Video footage was sourced from declassified films from the U.S. Nuclear Testing Archives and juxtaposed against records of the Aurora Borealis from the NFB documentary, “The Northern Lights”. Placed side by side, the line between cosmic phenomena and manufactured acts begins to collapse. It’s no coincidence that early research into the electrical mysteries of the Aurora Borealis is directly tied to the Space Race during the Cold War.
The exhibition addresses the nature of Doubling; the complex physical and chemical relationship of particles, radiation and light makes the Aurora Borealis and its sinister twin ideal subjects with which to explore the technology of the photograph and the moving image. Like a Science Fiction film, the Double begins to take on an apocalyptic life of its own, independent of time and space, returning again and again to haunt the present.
The exhibit seeks to understand the Aurora Borealis in terms of its relation to the science of optics and electromagnetic forces; incidentally, this complex physical and chemical relationship between particles, radiation and light in the Aurora is also the nature of the photograph, film stock, and the bomb.

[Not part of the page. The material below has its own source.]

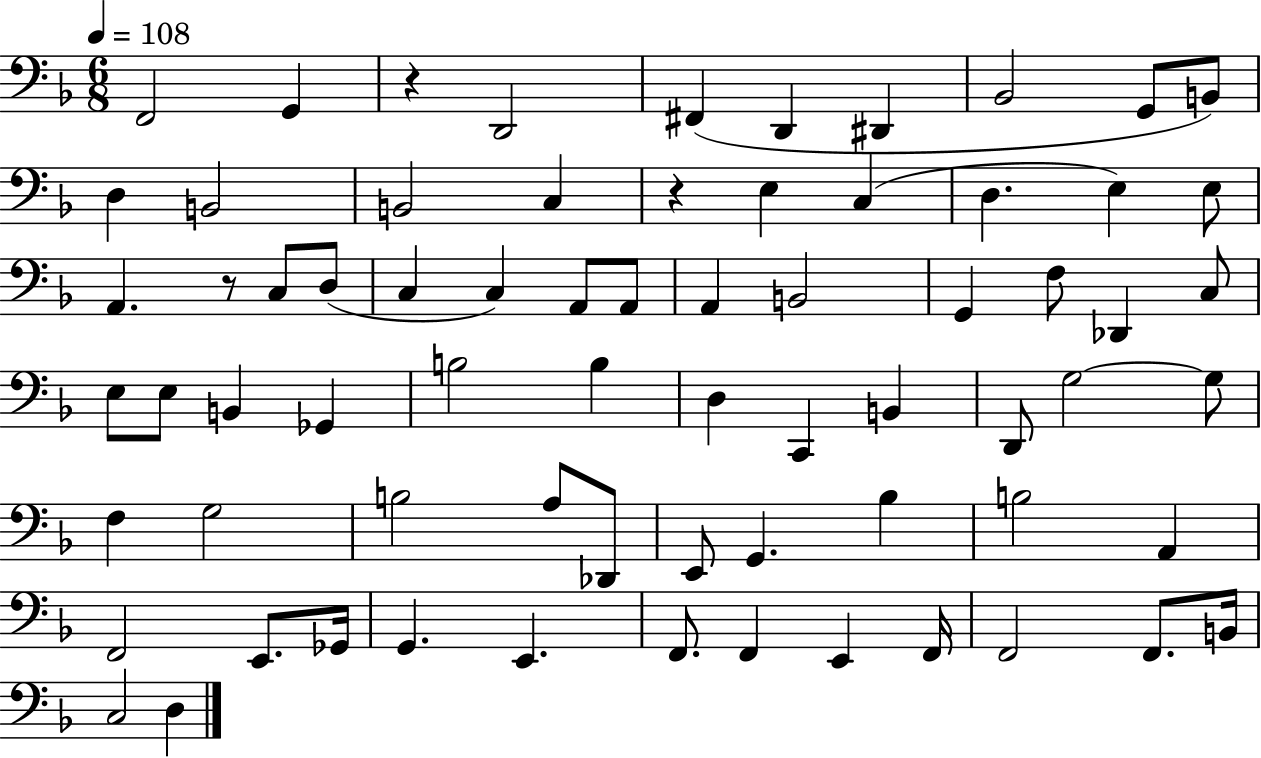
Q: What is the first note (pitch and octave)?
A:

Like Doubles in a Science Fiction Film, recordings, simulations and images of the Northern Lights begin to take on an apocalyptic life of their own, moving independent of time and space, returning again and again to haunt the present.
– Nicole Liao, 2016
BIOGRAPHY
Nicole Liao was born in Calgary and currently lives and works in Toronto. She has a background in Print Media and Architecture. Her work explores representations attempting to map, record and break down real world phenomena; she is interested in exposing the rifts between data and their sources, as well as finding moments of connection between disparate events. This is her first show in Northern Canada.